I have 3 proxmox nodes, all running glusterfs 3.4.2, with replica2 and quorum-type auto and server-quorum-type server (actually all the options use with 'group virt'). I use 2 bricks on each server to comply with the replica requirements, but ensure 2 bricks on the same node are NOT listed back to back and verified the vm files end up on bricks on different servers.

I create some basic CentOS 6.5 Guests/VMs that do nothing (just test vms, no active use), and shut down nodes one by one waiting for gluster volume heal info to show that the heal is complete between restarting the next node (can also tell by CPU usage on the machine). Then at some point I'll notice in the console of a VM that the root filesystem has been remounted readonly. When rebooting that node, it won't come back up, a kernel panic occurs presumably due to corruption. My VMs use virtio and have cache disabled, and I've tested with both qcow2 and raw disk images.
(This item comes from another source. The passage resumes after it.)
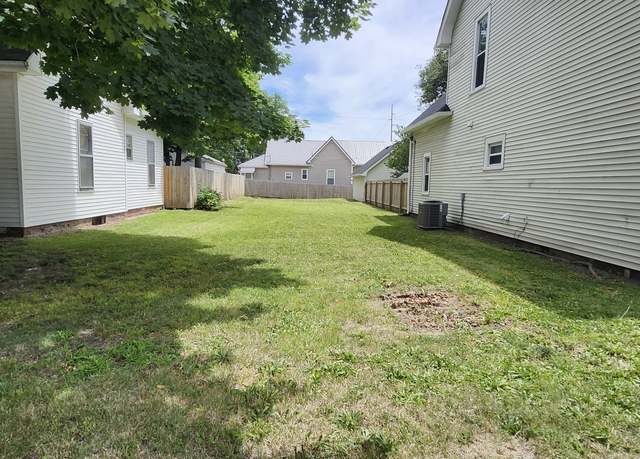 Property at 1447 S East St, Indianapolis, IN 46225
I know this post is a couple of months old, just wondering if any resolution was found. I noticed that post made by cesarpk indicated that aio=native may be bad, and to instead use aio=threads, but I don't see any obvious way to do that with Proxmox.
 
It turns out this wasn't actually disk corruption, the kernel panic is due to / not being writable. So the volume went into a read-only state on glusterfs. It turns out, when using replica 2, but with 3 nodes, the loss of just one node when enabling client-side quorum will result in the VM image becoming read-only as apparently client-side quorum operates on the "sub-volume" level. Once I disabled client-side quorum and relied only on server-side quorum, the issue appears to have gone away.
 
I'm observing similar corruption as well. I know it is corruption because the VM is using ZFS inside it, and ZFS is detecting the errors via checksum failures. Running Proxmox 4.1 this has happened to me. Just now it happened again on the 4.1 => 4.2 upgrade. I have a three node cluster as well, replication factor of 2 with only two data nodes. The third node is small just for quorum.
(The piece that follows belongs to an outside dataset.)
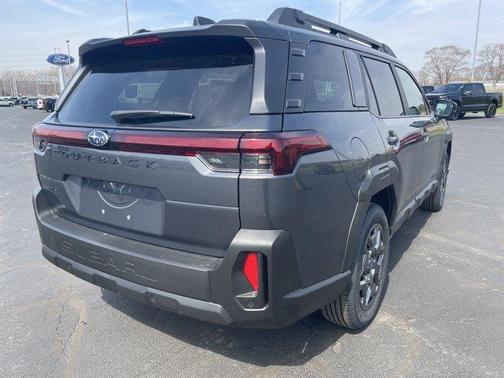 Magnetite Gray Metallic 2026 Subaru Outback Premium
At first, It thought it was related to migrating the VM from node 2 to node 1 then back. This time it happened on a shut-down VM.
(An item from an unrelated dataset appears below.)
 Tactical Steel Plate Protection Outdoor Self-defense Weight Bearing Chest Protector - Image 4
The sequence went as follows. Both vm 101 and 103 ended up with disk corruption. Both were running on node2 at the start of the upgrade and use glusterfs as the storage.
  1. upgrade node0 to PVE 4.2; reboot
  2. zfs snapshot the disks inside vm 101; snapshot vm 101 in PVE (I was expecting corruption because of the migration)
  3. migrate vm101 to node1 (success. no corruption. i checked the disks)
  4. shutdown vm 103 (the only remaining VM on node2)
  5. upgrade node2 to PVE 4.2; reboot
  6. vm 103 boots up. unfortunately i did not log in to check it to see what was happening with it, but the console window reported no errors.
  7. migrate vm 101 back to node2
  8. check gluster volume status. it shows no tasks running, so I presume it is sync'd up.
  9. stop all VMs on node1 and upgrade node1 to PVE 4.2; reboot
  10. boom.
Both vm101 and 103 report ZFS corruption in their file systems.

On vm 101 doing a zfs rollback to the internal snapshot did not help. there was still corruption. Doing the qemu snapshot rollback was successful, and zfs internally reports no corruption on a scrub.

On vm 103, I had to do a restore from backup from a few hours prior. Since restore to gluster is currently broken for a large disk (see Bug 932), I just restored to the local ZFS pool and will likely just leave it that way. It is faster anyhow.

I have no idea if the VMs on node1 are corrupted, but they seem to be running ok. These all have FreeBSD UFS file systems and one is running an embedded linux-based appliance.

My new procedures are to do qm snapshot on all vm's prior to rebooting anything.
 
So the definitive answer I have gotten is that with 2 data nodes, if the "first" node goes down, the cluster stops working, and you get this corruption because the clients don't seem to stop trying to write. You'd think that the client would get a write error and panic or something, but it does not.